D'après l'histoire vraie de Sohaïl Wahedi

André Boesberg

Traduction du néerlandais d'Emmanuèle Sandron

Thierry Magnier, 2011

 

 

Dans la montagne, nous pouvions encore nous bercer de l'illusion qu'il était possible de faire demi tour.

Cette illusion a maintenant volé en éclats.

 

 

talibanSohaïl habite en Afganistan et se souvient du pays dans sa prospérité révolue. Avec la montée de l'extrémisme et des taliban, son ami Obaïd se lance discrètement dans la résistance. Hafiza, quant à elle, devra être mariée à un riche propriétaire terrien de 25 ans son aîné. Le propre père de Sohaïl est recherché et doit se cacher. Toute la famille doit fuir le pays.

 

 

C'est par une scène d'exécution publique dans un stade que ce roman débute, la toute première à laquelle Sohaïl est témoin. On ne peut pas dire que ça commence en douceur, mais cela annonce la couleur. A travers le regard de Sohaïl, on assiste à la vie de tous les jours : les brimades inattendues, les femmes en tchadri toujours accompagnées d'un chaperon, les hommes en turbans… C'est le portrait d'un peuple complètement asservi à un ensemble de lois, de règles et d'obligations aussi nombreuses qu'inapplicables. Il est impossible de ne pas fauter. Malgré la souffrance, pas de rébellion. Une explication? Ce peuple a été soumis à plusieurs jougs auparavant et préfère attendre que la roue tourne.

 

Comme dit le grand-père de Sohaïl, les taliban sont peut-être drogués et analphabètes, mais ils sont surtout imprévisibles. La peur habite donc chaque ligne de ce roman. Toujours sur le qui-vive, les personnages sont constamment menacés d'être exécutés sommairement ou de devoir rentrer dans la clandestinité. Mais certains se réclament un devoir de résistance.

 

Avec un style candide et un ton très nostalgique. Sohaïl raconte sa fuite. La conscience d'être arraché d'un pays qu'il aime malgré tout lui brise le cœur. Il doit également vivre dans l'incertitude, n'ayant pas toutes les informations en main, mais ainsi, il est protégé et blanchi.
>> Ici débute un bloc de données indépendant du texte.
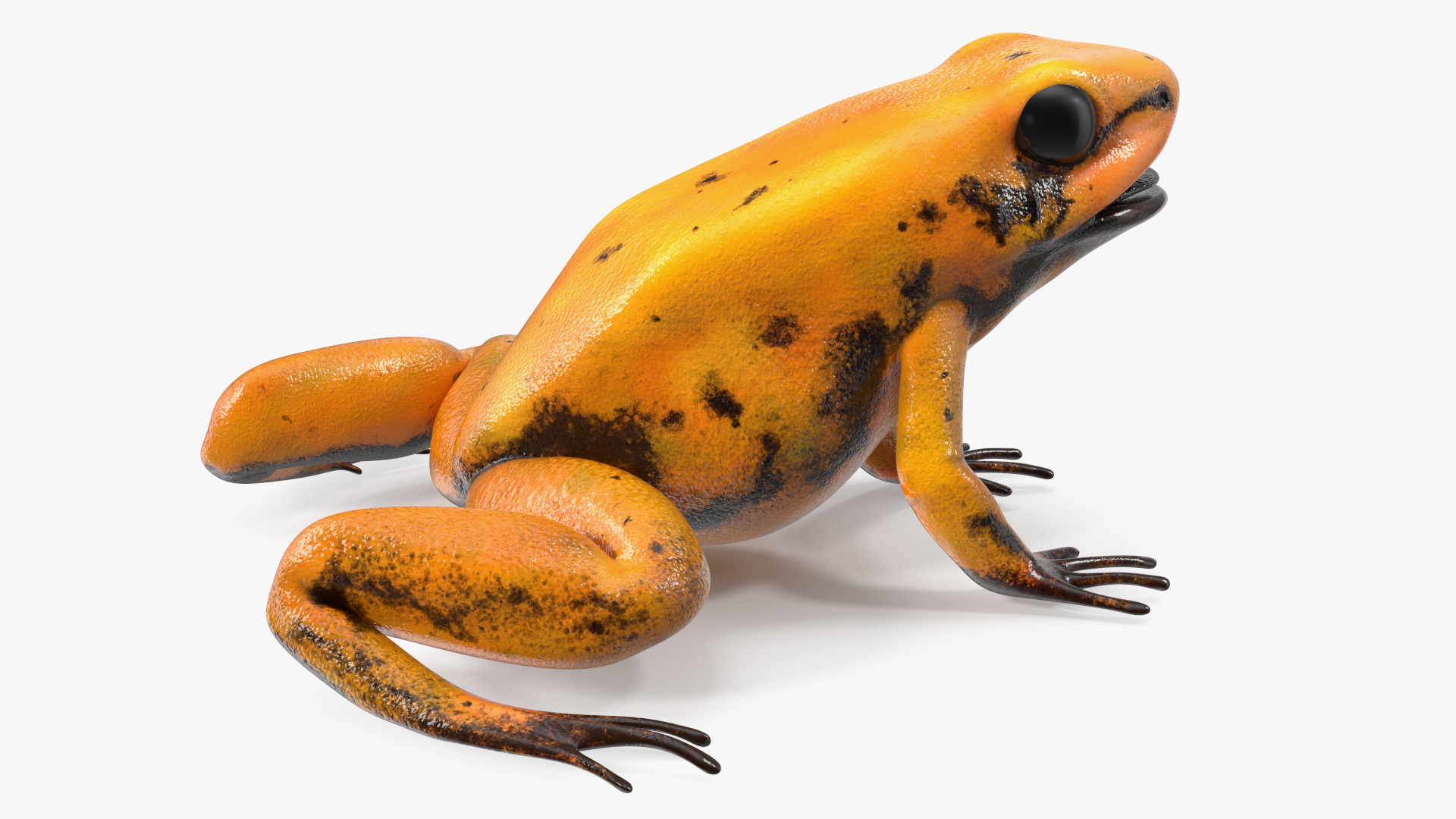 3D Poisonous Dart Frog Orange Morph Rigged for Cinema 4D model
Il ne comprend pas tout, comme le lecteur. Il tente cependant de garder un mince espoir.

 

Un roman très frappant à lire et à faire lire aux ados et adultes.

 

 

Les avis de :

    Fantasia (Sophie Pilaire)

"Un beau roman au sujet sérieux qui se lit sans faillir."

    Chez Libouli

"Très beau récit sur la bêtise humaine."